[REQUIRED ACTION]: Copy exactly, and only, the lines from the line containing "Battery pack, Universal" through the last line of the records below, both included.

[EXCERPTED RECORDS]:

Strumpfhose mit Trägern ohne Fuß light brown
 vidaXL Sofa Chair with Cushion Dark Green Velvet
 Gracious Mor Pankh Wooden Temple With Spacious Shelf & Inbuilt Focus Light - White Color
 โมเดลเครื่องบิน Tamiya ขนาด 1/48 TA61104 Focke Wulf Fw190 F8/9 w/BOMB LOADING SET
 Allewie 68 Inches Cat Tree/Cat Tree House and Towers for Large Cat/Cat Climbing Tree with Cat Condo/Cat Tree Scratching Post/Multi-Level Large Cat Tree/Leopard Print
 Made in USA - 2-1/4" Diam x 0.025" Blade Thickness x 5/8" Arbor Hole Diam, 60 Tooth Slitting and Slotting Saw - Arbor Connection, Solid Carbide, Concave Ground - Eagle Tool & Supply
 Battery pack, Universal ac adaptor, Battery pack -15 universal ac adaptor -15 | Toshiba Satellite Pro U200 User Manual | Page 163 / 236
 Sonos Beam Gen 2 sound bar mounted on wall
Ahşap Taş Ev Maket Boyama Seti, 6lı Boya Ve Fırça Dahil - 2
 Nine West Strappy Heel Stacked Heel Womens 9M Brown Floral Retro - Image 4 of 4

[RESPONSE AREA]:
 Battery pack, Universal ac adaptor, Battery pack -15 universal ac adaptor -15 | Toshiba Satellite Pro U200 User Manual | Page 163 / 236
 Sonos Beam Gen 2 sound bar mounted on wall
Ahşap Taş Ev Maket Boyama Seti, 6lı Boya Ve Fırça Dahil - 2
 Nine West Strappy Heel Stacked Heel Womens 9M Brown Floral Retro - Image 4 of 4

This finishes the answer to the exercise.